- [BRIEF] The copy must match the data below line for line and contain no images.

--- PROVIDED DATA Enclosed Below ---

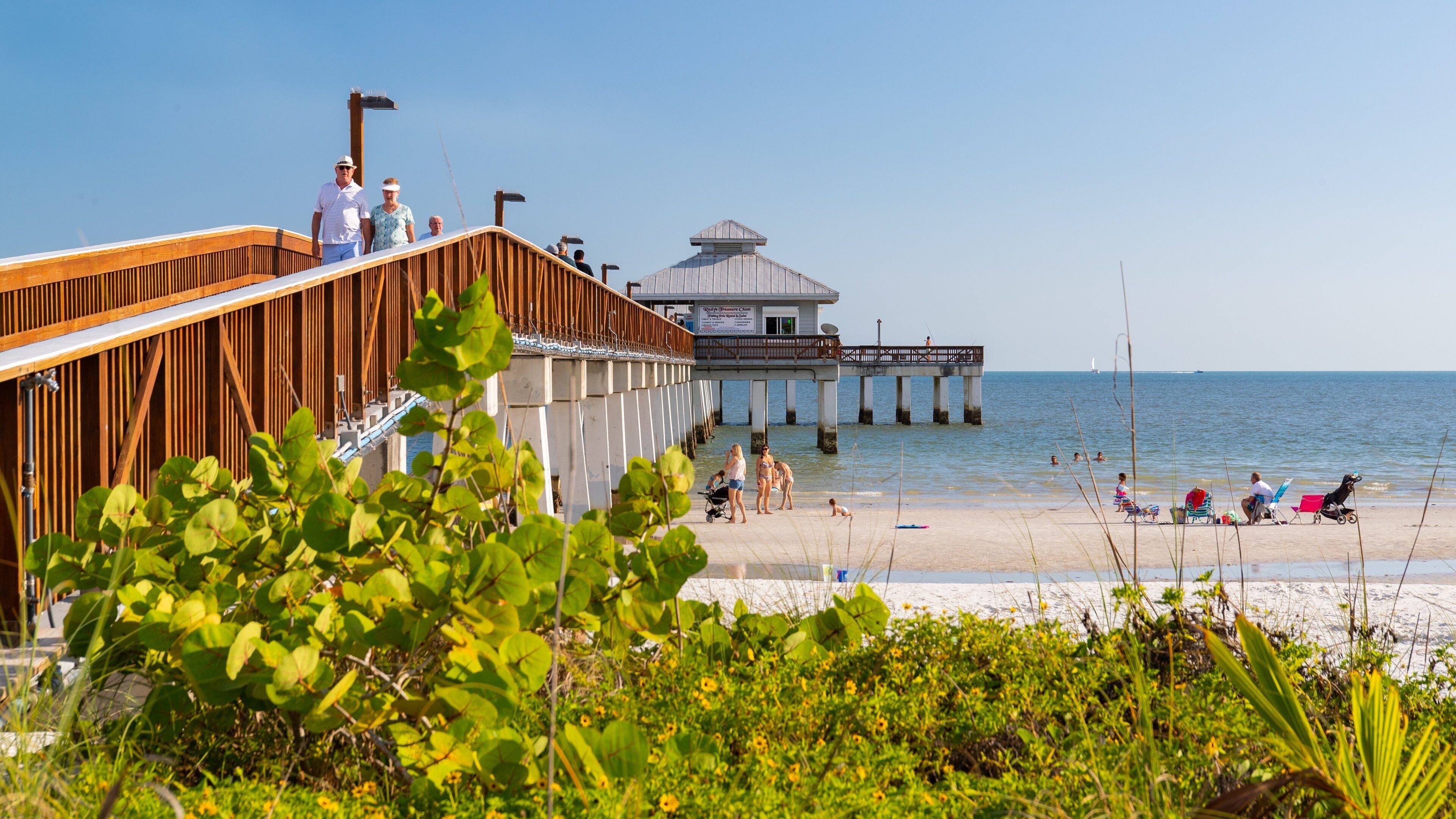 Fishing Pier Fort Myers Beach which includes a beach and general coastal views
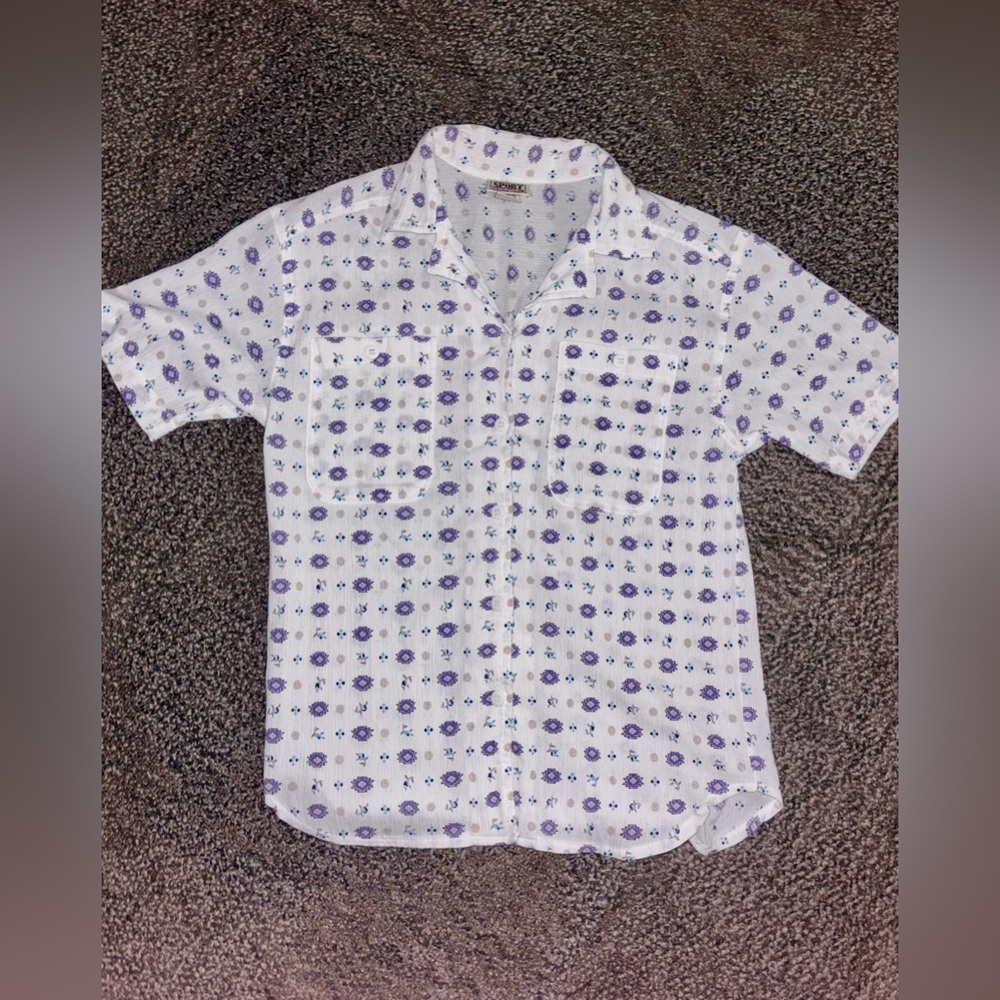 Women's VTG 80's Sport Carriage Court White Short Sleeve Button Up EUC Small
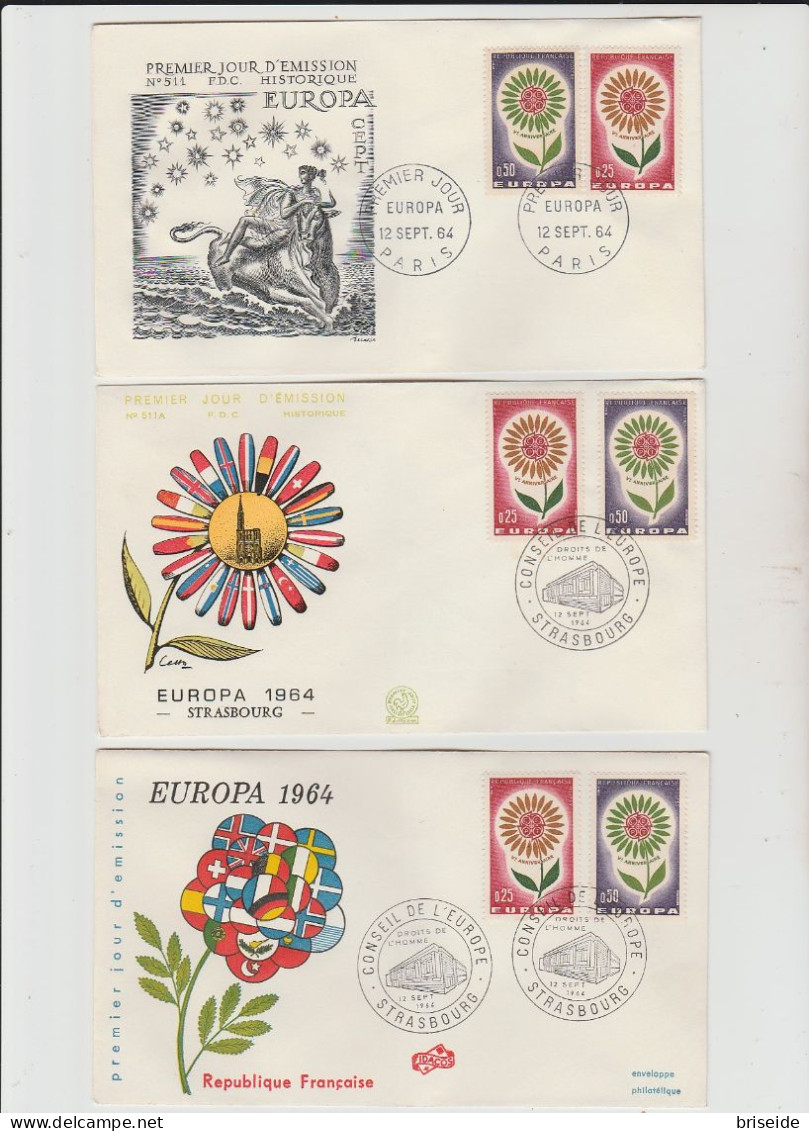 1964 N.3 BUSTE EUROPA CEPT PREMIER JOUR D'EMISSION FIRST DAY COVER ERSTTAGSBRIEF 1°GIORNO EMISSIONE REPUBLIQUE FRANCAISE - 1964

--- End of Enclosed PROVIDED DATA ---

- [ANSWER BOX]
 Fishing Pier Fort Myers Beach which includes a beach and general coastal views
 Women's VTG 80's Sport Carriage Court White Short Sleeve Button Up EUC Small
 1964 N.3 BUSTE EUROPA CEPT PREMIER JOUR D'EMISSION FIRST DAY COVER ERSTTAGSBRIEF 1°GIORNO EMISSIONE REPUBLIQUE FRANCAISE - 1964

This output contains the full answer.